I trained CryoDRGN-AI on a public dataset but found the estimated std of image is inf, so it causes segment fault. How can i fix this problem. Below is the log file:
2025-07-29 01:39:14.015955: I tensorflow/core/platform/cpu_feature_guard.cc:193] This TensorFlow binary is optimized with oneAPI Deep Neural Network Library (oneDNN) to use the following CPU instructions in performance-critical operations: AVX2 AVX512F AVX512_VNNI FMA
To enable them in other operations, rebuild TensorFlow with the appropriate compiler flags.
(WARNING) (reconstruct.py) (29-Jul-25 01:40:51) Output directory out/ already exists here! Renaming the old one to old-out_000_abinit-het8.
(INFO) (reconstruct.py) (29-Jul-25 01:40:51) Using 4 GPUs!

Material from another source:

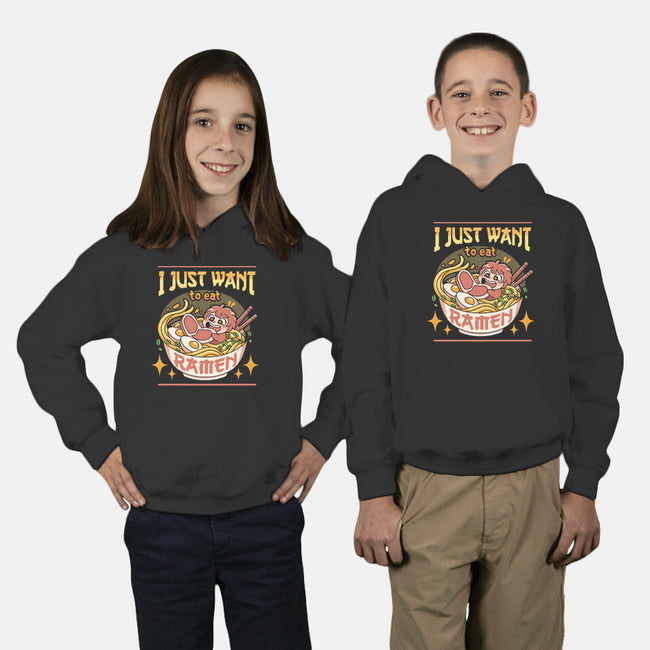 Just Want Ramen-youth pullover sweatshirt-Zaia Bloom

(INFO) (reconstruct.py) (29-Jul-25 01:40:51) Increasing batch size for known poses to 64
(INFO) (reconstruct.py) (29-Jul-25 01:40:51) Increasing batch size for HPS to 32
(INFO) (reconstruct.py) (29-Jul-25 01:40:51) Increasing batch size for SGD to 128
(INFO) (reconstruct.py) (29-Jul-25 01:40:51) Use cuda True
(INFO) (reconstruct.py) (29-Jul-25 01:40:51) Will write tensorboard summaries in /lustre/grp/gyqlab/zhangcw/drgnai/10177/out/summaries
(INFO) (reconstruct.py) (29-Jul-25 01:40:51) Creating dataset
(INFO) (dataset.py) (29-Jul-25 01:41:21) Loaded 61929 384x384 images
(INFO) (dataset.py) (29-Jul-25 01:41:21) Windowing images with radius 0.85
(INFO) (dataset.py) (29-Jul-25 01:41:23) Computing FFT
(INFO) (dataset.py) (29-Jul-25 01:41:23) Spawning 16 processes
(INFO) (dataset.py) (29-Jul-25 01:48:52) Symmetrizing image data
/lustre/grp/gyqlab/zhangcw/miniconda3/envs/drgnai/lib/python3.9/site-packages/numpy/core/_methods.py:176: RuntimeWarning: overflow encountered in multiply
x = um.multiply(x, x, out=x)
(INFO) (dataset.py) (29-Jul-25 01:49:33) Normalized HT by 0 +/- inf
(INFO) (dataset.py) (29-Jul-25 01:50:15) Normalized real space images by 1.0225237765928034e+25 +/- inf
(INFO) (reconstruct.py) (29-Jul-25 01:50:24) Loading ctf params from /lustre/grp/gyqlab/share/cryoem_particles/10177/data/dataset_trimer_61929_ptcls/ctf.pkl
(INFO) (ctf.py) (29-Jul-25 01:50:24) Image size (pix) : 384
(INFO) (ctf.py) (29-Jul-25 01:50:24) A/pix : 1.0670000314712524
(INFO) (ctf.py) (29-Jul-25 01:50:24) DefocusU (A) : 21713.8671875
(INFO) (ctf.py) (29-Jul-25 01:50:24) DefocusV (A) : 21426.921875
(INFO) (ctf.py) (29-Jul-25 01:50:24) Dfang (deg) : 34.44029998779297
(INFO) (ctf.py) (29-Jul-25 01:50:24) voltage (kV) : 300.0
(INFO) (ctf.py) (29-Jul-25 01:50:24) cs (mm) : 2.5999999046325684
(INFO) (ctf.py) (29-Jul-25 01:50:24) w : 0.10000000149011612
(INFO) (ctf.py) (29-Jul-25 01:50:24) Phase shift (deg) : 0.0
(INFO) (reconstruct.py) (29-Jul-25 01:50:26) Building lattice
(INFO) (reconstruct.py) (29-Jul-25 01:50:28) Heterogeneous reconstruction with z_dim = 8
(INFO) (reconstruct.py) (29-Jul-25 01:50:28) Initializing model...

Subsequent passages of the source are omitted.